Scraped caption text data
• • • • • • •

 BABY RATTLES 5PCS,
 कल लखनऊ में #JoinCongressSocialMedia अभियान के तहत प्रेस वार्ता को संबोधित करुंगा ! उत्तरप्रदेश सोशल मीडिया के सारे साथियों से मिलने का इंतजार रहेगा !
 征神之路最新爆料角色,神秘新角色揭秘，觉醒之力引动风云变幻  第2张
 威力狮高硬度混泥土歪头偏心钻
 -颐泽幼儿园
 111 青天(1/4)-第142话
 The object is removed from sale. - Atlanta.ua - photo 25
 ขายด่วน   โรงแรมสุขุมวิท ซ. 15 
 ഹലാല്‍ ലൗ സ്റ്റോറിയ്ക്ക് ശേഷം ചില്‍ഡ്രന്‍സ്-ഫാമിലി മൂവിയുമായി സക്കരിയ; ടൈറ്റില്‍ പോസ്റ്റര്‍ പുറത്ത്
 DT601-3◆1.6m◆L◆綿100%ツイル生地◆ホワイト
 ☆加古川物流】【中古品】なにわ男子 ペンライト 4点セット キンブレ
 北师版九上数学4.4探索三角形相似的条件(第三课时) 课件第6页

• • • • • • •

What to produce: Please make an exact copy of every record, leaving nothing out.

Response box:
 BABY RATTLES 5PCS,
 कल लखनऊ में #JoinCongressSocialMedia अभियान के तहत प्रेस वार्ता को संबोधित करुंगा ! उत्तरप्रदेश सोशल मीडिया के सारे साथियों से मिलने का इंतजार रहेगा !
 征神之路最新爆料角色,神秘新角色揭秘，觉醒之力引动风云变幻  第2张
 威力狮高硬度混泥土歪头偏心钻
 -颐泽幼儿园
 111 青天(1/4)-第142话
 The object is removed from sale. - Atlanta.ua - photo 25
 ขายด่วน   โรงแรมสุขุมวิท ซ. 15 
 ഹലാല്‍ ലൗ സ്റ്റോറിയ്ക്ക് ശേഷം ചില്‍ഡ്രന്‍സ്-ഫാമിലി മൂവിയുമായി സക്കരിയ; ടൈറ്റില്‍ പോസ്റ്റര്‍ പുറത്ത്
 DT601-3◆1.6m◆L◆綿100%ツイル生地◆ホワイト
 ☆加古川物流】【中古品】なにわ男子 ペンライト 4点セット キンブレ
 北师版九上数学4.4探索三角形相似的条件(第三课时) 课件第6页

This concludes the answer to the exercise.